Kibana: [Task Manager / Alerting] Support for limited concurrency Task Types & Alert Types

Created on 15 Jan 2020 · 9Comments · Source: elastic/kibana

Describe the feature:
Task Manager used to be able to limit how many concurrent instances of a specific task type run on a single Kibana instance.
We have also identified that there might be need to limit the concurrency of specific tasks (or groups of tasks), as alert types also want to synamically limit how many instances of a certain type can run concurrently.

Describe a specific use case for the feature:
We need to bring this feature back for Scheduled tasks and possibly others such as SIEM.

Alerting Task Manager Alerting Services enhancement

Source

gmmorris

Most helpful comment

Having discussed the issue with Alerting Services and Reporting, we've decided to go the route of adding limited support for concurrency which will specifically support Reporting, but we won't allow other task types to utilise it for the time being to avoid adding too many additional pollers.

We feel comfortable adding a second poller for Reporting as they'll be removing their use of ES queue in that same version, meaning that, in effect, there's the same number of polls running in parallel as before.

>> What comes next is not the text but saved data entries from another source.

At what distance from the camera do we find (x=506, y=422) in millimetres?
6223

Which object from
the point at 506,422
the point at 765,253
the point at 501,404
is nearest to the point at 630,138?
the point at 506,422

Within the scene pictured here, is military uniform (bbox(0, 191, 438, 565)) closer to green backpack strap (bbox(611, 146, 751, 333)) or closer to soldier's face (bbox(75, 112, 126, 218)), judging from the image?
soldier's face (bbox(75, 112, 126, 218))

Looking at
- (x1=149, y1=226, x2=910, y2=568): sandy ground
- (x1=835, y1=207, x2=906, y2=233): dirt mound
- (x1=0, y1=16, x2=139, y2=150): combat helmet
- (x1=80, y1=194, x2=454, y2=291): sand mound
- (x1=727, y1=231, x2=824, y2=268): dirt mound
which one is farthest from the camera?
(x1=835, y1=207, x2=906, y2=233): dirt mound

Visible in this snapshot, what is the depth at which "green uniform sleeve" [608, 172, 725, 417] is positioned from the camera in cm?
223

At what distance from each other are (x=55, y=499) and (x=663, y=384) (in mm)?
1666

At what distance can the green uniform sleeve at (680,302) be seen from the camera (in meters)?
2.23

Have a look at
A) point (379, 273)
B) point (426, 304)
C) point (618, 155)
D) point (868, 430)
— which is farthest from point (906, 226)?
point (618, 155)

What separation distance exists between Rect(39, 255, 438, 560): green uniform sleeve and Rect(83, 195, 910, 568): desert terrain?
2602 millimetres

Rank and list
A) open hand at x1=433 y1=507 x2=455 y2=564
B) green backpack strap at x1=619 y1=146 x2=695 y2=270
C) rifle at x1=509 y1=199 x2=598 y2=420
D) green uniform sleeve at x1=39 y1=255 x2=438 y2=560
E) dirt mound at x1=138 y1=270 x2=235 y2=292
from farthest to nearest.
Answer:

This work will follow the path spiked over here: https://github.com/elastic/kibana/pull/74883

gmmorris on 28 Oct 2020

👍2

All 9 comments

Pinging @elastic/kibana-alerting-services (Team:Alerting Services)

elasticmachine on 15 Jan 2020

For actions, and I think alerts, we create a new task type per action type. It may make sense to be able to set the max_workers to all of actions, by being able to say "only run 10 tasks of type action:.* or something - all the action taskTypes start with action:. Another set of knobs and dials, but it's coarser than per actionType exactly, and so would be easier to configure for customers, vs having to configure every single actionType.

Alternatively, we could probably also just have one taskType for all actions, and plumb more data into it - not sure what the pros/cons are to that.

pmuellr on 16 Jan 2020

Part of the complication is in how TM claims tasks - we don't want to lose cycles where we claim 10 and then drop them because's we're at capacity with that specific type, but have capacity for others.
We need to see if we can find a solution that can be applied in the query within ES.

gmmorris on 17 Jan 2020

Would it also be possible to use these settings to configure TM to completely disable itself from claiming a certain task type?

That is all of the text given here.